John J. Joseph, David Engel, Jamison Lingle, and Lyndsi LaRose in Leading Ladies at International City Theatre; photo by Carlos DelGado

Some like it . . . not!

Ken Ludwig writes to please, and his 2004 farce Leading Ladies is pleasing what crowds the International City Theatre can attract to Long Beach through July 1. For the most part Richard Israel's hard-driving cast keeps the pace skipping over the shellac-thin surface of Ludwig's farce. However, the odd weak performance can cause an occasional catch, and underscore the sense that the speed of the playing helps disguise the hurried writing.

Ludwig, best known for Moon Over Buffalo (written in 1995, set in 1953), the book for Crazy For You (1992, 1930s), and Lend Me a Tenor (1989, 1934), has a talent for the quick joke, and he festoons this modest exercise with some sparkling laugh-producers. However, there seems a reason why the plays he sets in the past have been so successful. Anachronism and nostalgia grease the forgiveness glands for these embarrassingly creaky plots, and helps muffle groans over jokes that would be more at home in those earlier eras.
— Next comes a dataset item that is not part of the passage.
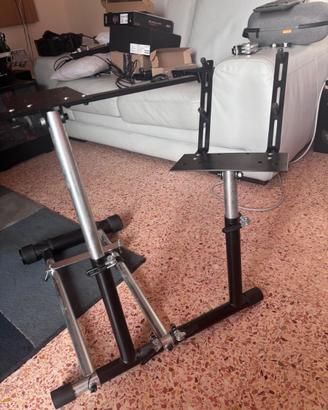 Wheel Stand Pro Deluxe - Supporto Volo + Supporto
Without the jokes, and energetic performances from the four leads – David Engel, Jamison Lingle, John J. Joseph, and Lyndsi LaRose – our suspensions of disbelieve would be stretched beyond the point of snapping back. Right from the beginning, in an opening scene that introduces a preposterously mismatched couple who are engaged only to separate later, adding another arc – flimsy as it is – to the play's action. Fortunately, Israel has such likeable leads, especially Lingle, who is best able to cut through the more objectionable aspects of this fluff, and give her character believability, and give the comedy something solid to play against.

Ludwig's love of Shakespeare drives this variation on Billy Wilder's 1959 film Some Like it Hot, in which two musicians avoid mob hitmen by posing as women. Ludwig's leads are British actors dragging the Shakespeare canon across America in a series of two-man, abridged performances, After passing through York, Pennsylvania (Ludwig's hometown), Leo Clark (Engel) and Jack Gable (Joseph) learn from a roller-skating waitress (LaRose) that a dying rich woman plans to bequeath millions to two nieces she hasn't seen in decades. They head back, and wearing trunk costumes of Shakespeare's women, pose as the nieces.
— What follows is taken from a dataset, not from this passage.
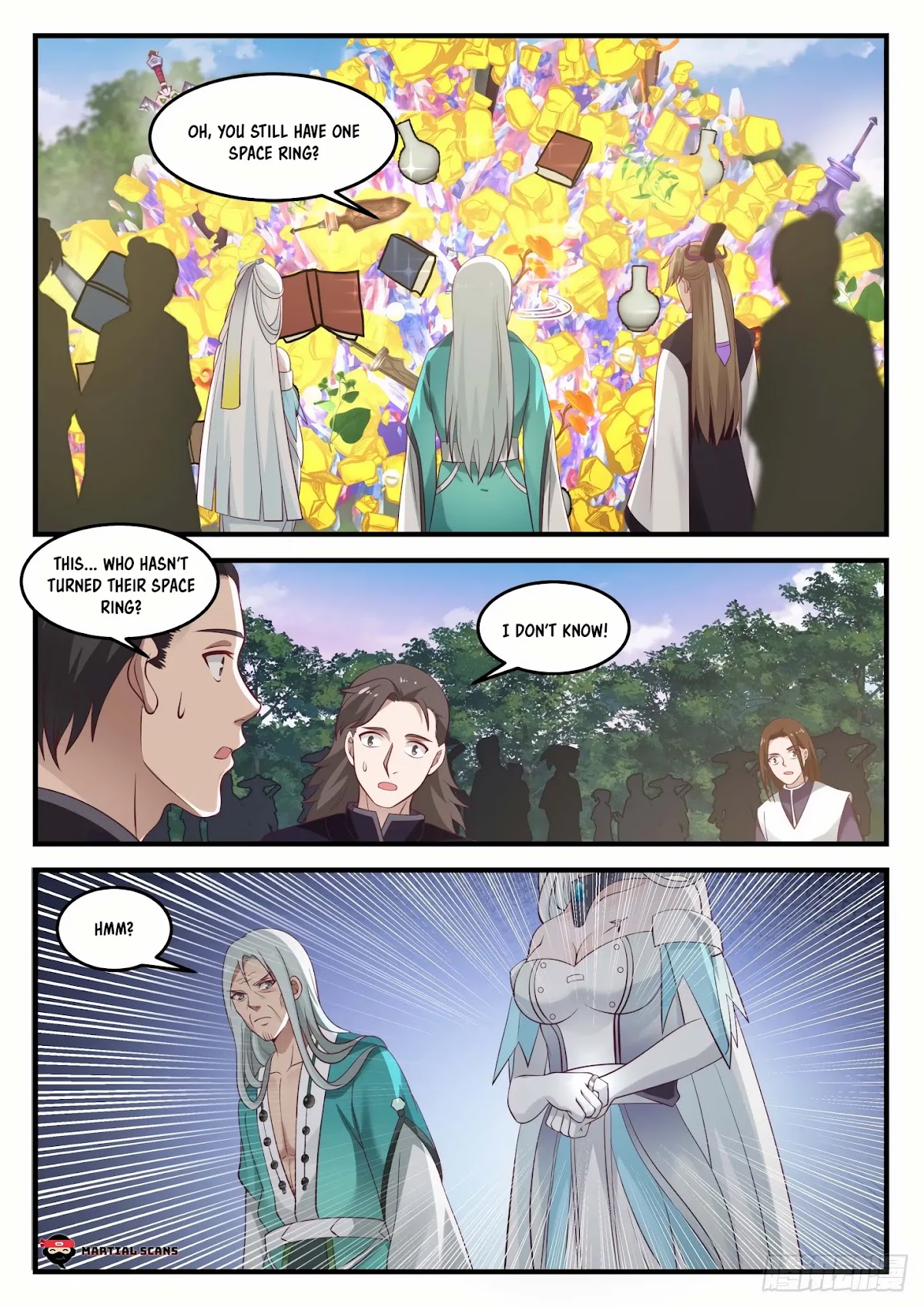 Martial Peak Chapter 863 - Page 2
He sets Ladies in 1952, seven years before Wilder's film was released. Ludwig's expeditiousness is in evidence from the first lines. A pastor, "Duncan" one of the Shakespearean allusions (Daniel Lench, adding some fidgety business to insure his character is totally unbelievable) has forgotten the time of the his irresistibly ripe fiancée, Meg (Lingle) has been looking forward to. He sees sinfulness in her love of theater, she sees God knows what in his stodginess, but of course they are engaged so, it's clear immediately, she can be torn from him for reasons we will be able to anticipate as soon as the larcenous actors show up.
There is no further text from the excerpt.